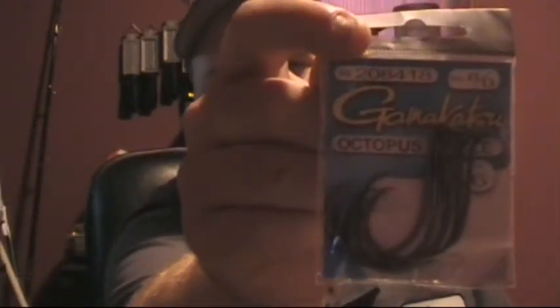Now for my catfishing rigs — I use the Gamakatsu 8 Octopus Circle Hook. They're really good. I used to not be a believer, but I'm a believer now. You don't even have to set the hook on these. You see them? Gamakatsu.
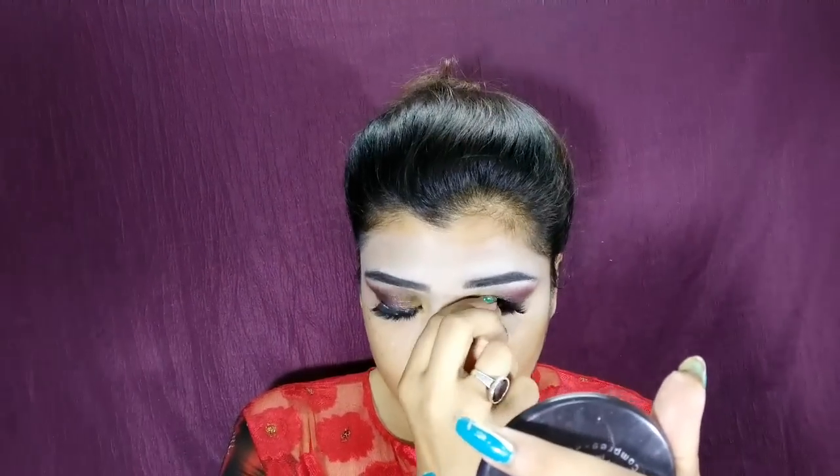I have applied a lash — this lash is from the Pro Arte brand, number 148. Pro Arte is a very good drugstore brand and I really like it.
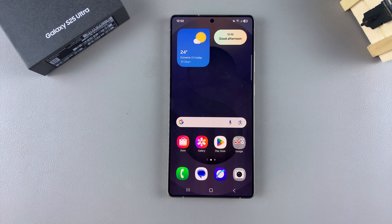In this video, you'll learn how to delete contacts from your Samsung Galaxy S25.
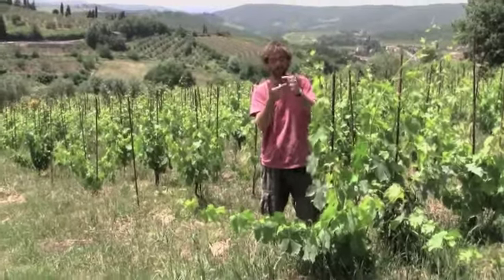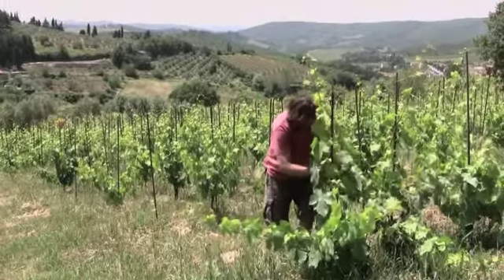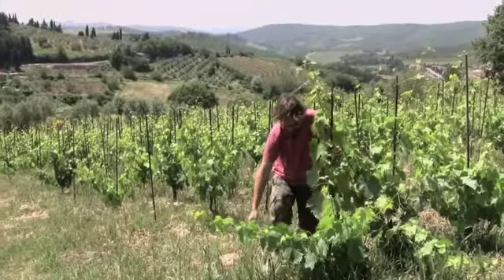It's basically pruned so you have a spur on each of these, and each one of those will produce two stalks. So you've got eight to six bunches on each one.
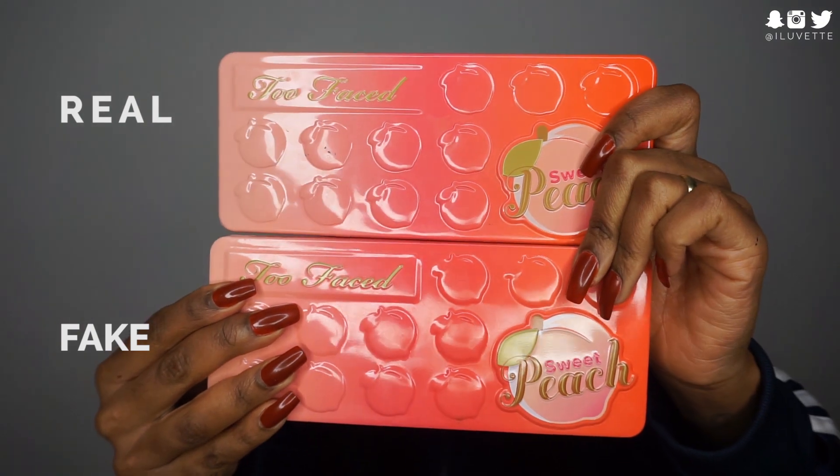This is the real palette and this is the fake palette. It's really difficult to tell the difference again from the packaging. The way that I do know I'm holding the real one is by the smell — the real one really does have that sweet peachy smell, which is one of the selling points. The fake one just smells like some kind of powder.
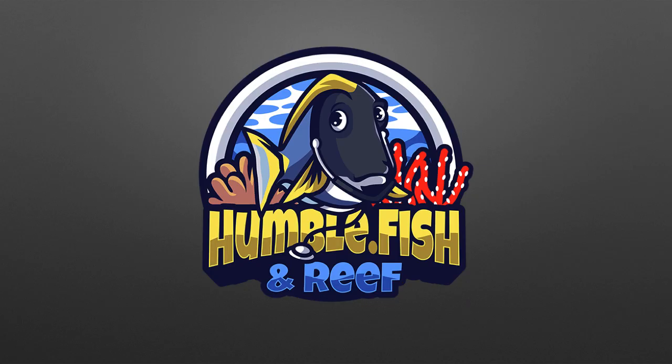Thank you for watching this presentation. Please visit my website and forum for more information.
----
# [ASSIGNMENT]
Print out the complete listing above exactly, dropping each image.

# [TASK RESULT]
Now for my catfishing rigs — I use the Gamakatsu 8 Octopus Circle Hook. They're really good. I used to not be a believer, but I'm a believer now. You don't even have to set the hook on these. You see them? Gamakatsu.
I have applied a lash — this lash is from the Pro Arte brand, number 148. Pro Arte is a very good drugstore brand and I really like it.
In this video, you'll learn how to delete contacts from your Samsung Galaxy S25.
It's basically pruned so you have a spur on each of these, and each one of those will produce two stalks. So you've got eight to six bunches on each one.
This is the real palette and this is the fake palette. It's really difficult to tell the difference again from the packaging. The way that I do know I'm holding the real one is by the smell — the real one really does have that sweet peachy smell, which is one of the selling points. The fake one just smells like some kind of powder.
Thank you for watching this presentation. Please visit my website and forum for more information.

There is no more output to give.